Start of Records shown

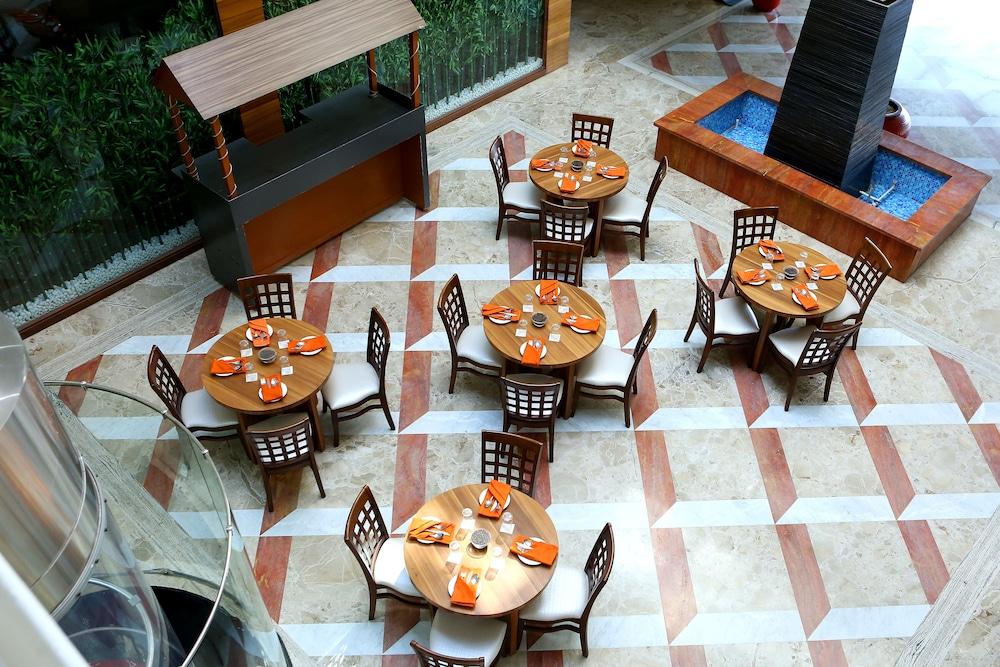 Hotel The Fern Residency Mundra Extérieur photo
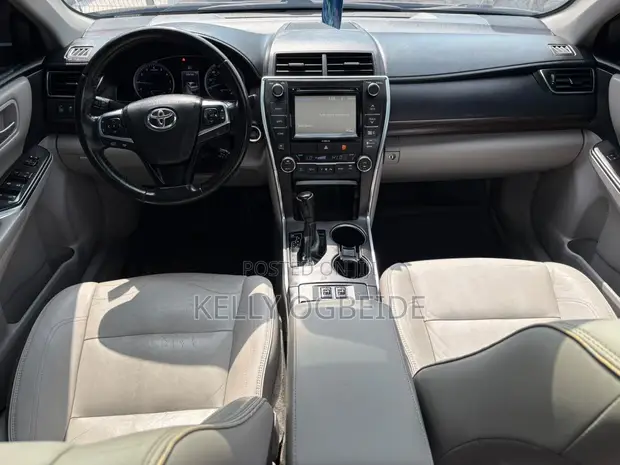 2017 Toyota Camry XLE V6 - Direct Belgium - 1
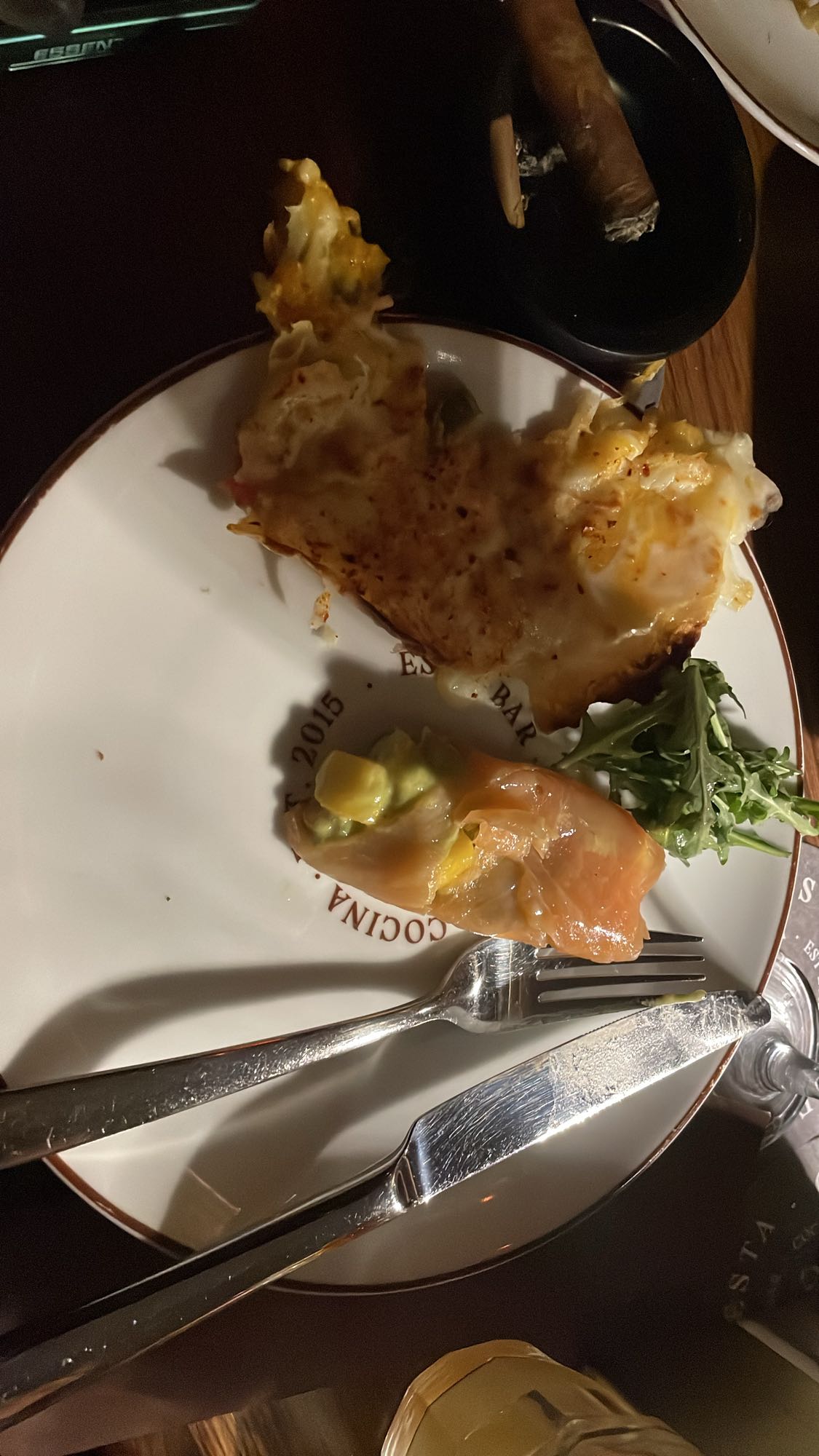 Cheesy lasagna & salmon roll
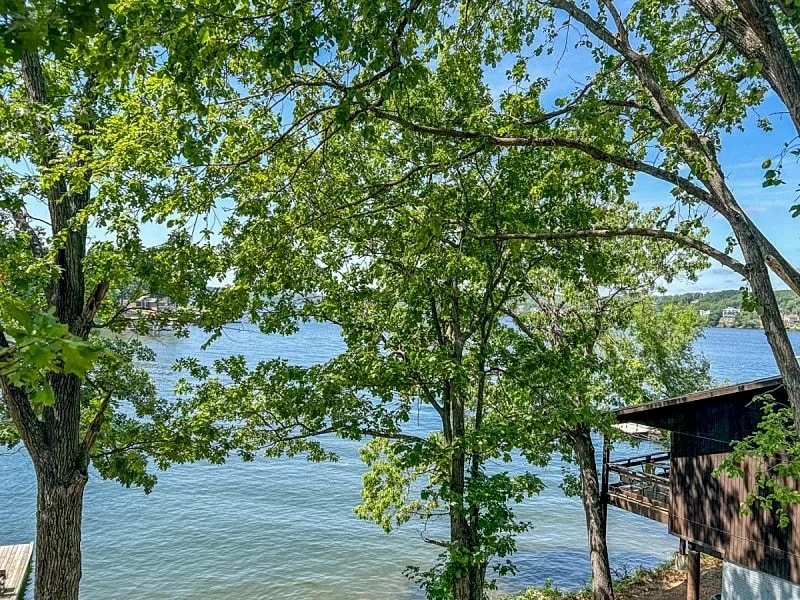 Lone Oak Point 35 - A Vintage Lake Vacation! in Sunrise Beach, Missouri, United States — photo 2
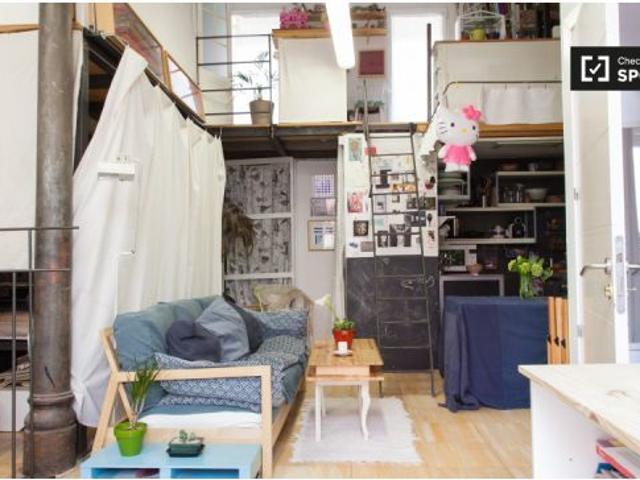 Habitación ordenada en apartamento de 3 dormitorios en Lavapiés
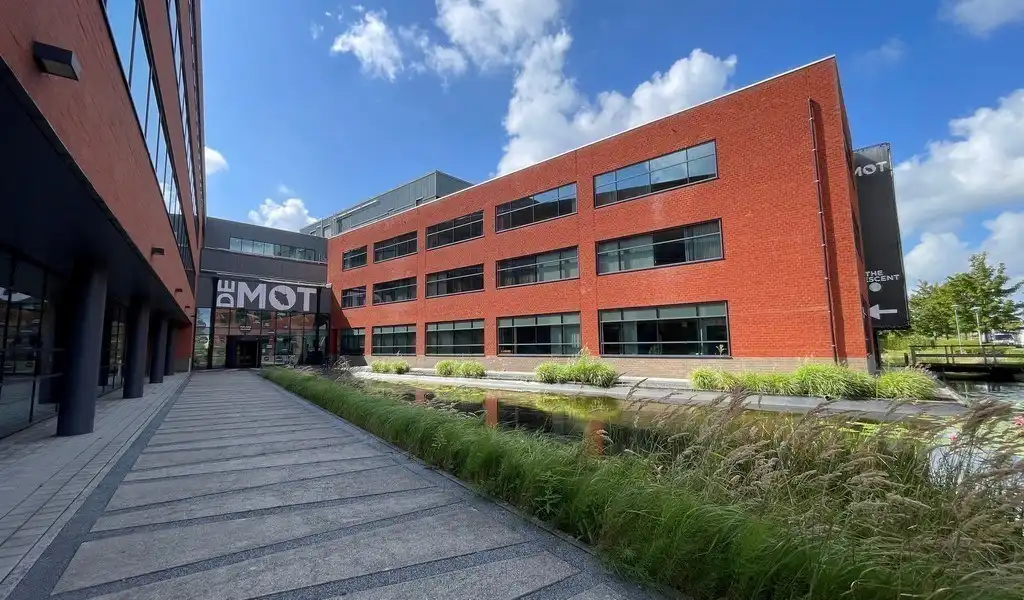 Instapklare kantoren te huur in De Mot in Mechelen foto 2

End of Records shown

[Work to be completed] Leaving out every picture, copy exactly the lines from the one that contains "Lone Oak Point" through the end of the entries above.

[Result]
 Lone Oak Point 35 - A Vintage Lake Vacation! in Sunrise Beach, Missouri, United States — photo 2
 Habitación ordenada en apartamento de 3 dormitorios en Lavapiés
 Instapklare kantoren te huur in De Mot in Mechelen foto 2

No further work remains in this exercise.